:: SUPPLIED MATERIAL

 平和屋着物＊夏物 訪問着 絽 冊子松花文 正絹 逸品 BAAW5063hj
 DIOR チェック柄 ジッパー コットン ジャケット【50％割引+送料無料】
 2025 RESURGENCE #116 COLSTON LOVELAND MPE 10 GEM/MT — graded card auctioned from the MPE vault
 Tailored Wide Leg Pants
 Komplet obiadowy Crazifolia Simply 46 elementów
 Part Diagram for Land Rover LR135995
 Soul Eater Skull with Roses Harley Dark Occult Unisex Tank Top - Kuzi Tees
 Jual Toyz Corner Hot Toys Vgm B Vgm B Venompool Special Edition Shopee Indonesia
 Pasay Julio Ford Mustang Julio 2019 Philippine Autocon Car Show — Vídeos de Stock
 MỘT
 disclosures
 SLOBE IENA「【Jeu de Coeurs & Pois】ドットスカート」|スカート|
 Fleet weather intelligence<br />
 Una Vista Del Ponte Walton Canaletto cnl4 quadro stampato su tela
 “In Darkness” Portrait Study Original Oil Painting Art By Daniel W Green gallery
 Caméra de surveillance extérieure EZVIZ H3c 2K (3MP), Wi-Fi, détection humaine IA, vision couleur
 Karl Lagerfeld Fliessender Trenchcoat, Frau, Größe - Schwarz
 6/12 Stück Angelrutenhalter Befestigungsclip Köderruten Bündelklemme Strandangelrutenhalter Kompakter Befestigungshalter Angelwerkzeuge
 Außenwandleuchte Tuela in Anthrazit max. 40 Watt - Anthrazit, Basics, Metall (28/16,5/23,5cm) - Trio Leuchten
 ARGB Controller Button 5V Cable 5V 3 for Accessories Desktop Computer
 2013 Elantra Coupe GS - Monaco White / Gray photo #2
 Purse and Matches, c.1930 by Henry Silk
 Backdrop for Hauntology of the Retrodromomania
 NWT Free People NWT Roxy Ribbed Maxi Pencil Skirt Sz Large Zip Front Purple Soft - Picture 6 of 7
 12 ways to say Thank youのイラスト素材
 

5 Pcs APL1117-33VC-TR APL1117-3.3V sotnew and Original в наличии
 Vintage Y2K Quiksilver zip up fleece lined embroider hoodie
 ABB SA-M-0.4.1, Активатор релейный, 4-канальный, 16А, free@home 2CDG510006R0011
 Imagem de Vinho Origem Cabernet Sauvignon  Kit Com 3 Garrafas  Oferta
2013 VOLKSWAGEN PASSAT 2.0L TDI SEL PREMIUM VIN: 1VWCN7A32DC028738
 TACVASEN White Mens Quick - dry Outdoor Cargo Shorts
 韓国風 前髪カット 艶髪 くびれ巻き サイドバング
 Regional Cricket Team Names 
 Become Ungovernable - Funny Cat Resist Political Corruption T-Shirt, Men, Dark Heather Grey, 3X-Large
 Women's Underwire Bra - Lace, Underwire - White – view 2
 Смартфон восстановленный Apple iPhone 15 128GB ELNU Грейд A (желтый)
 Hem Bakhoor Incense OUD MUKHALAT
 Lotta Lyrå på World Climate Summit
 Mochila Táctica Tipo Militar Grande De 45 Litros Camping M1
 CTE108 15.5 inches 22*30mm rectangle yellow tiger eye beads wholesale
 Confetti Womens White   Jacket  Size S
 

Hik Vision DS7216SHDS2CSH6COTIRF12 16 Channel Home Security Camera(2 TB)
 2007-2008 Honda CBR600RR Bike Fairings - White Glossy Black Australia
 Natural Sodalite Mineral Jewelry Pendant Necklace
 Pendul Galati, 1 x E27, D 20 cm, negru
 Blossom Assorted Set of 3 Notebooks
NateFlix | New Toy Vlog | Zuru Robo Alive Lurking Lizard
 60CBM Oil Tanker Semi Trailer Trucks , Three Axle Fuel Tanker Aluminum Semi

::::

_ASSIGNMENT_
Nothing but a number is asked for: how many lines of the records contain the word "Large"?

_WRITTEN RESPONSE_
2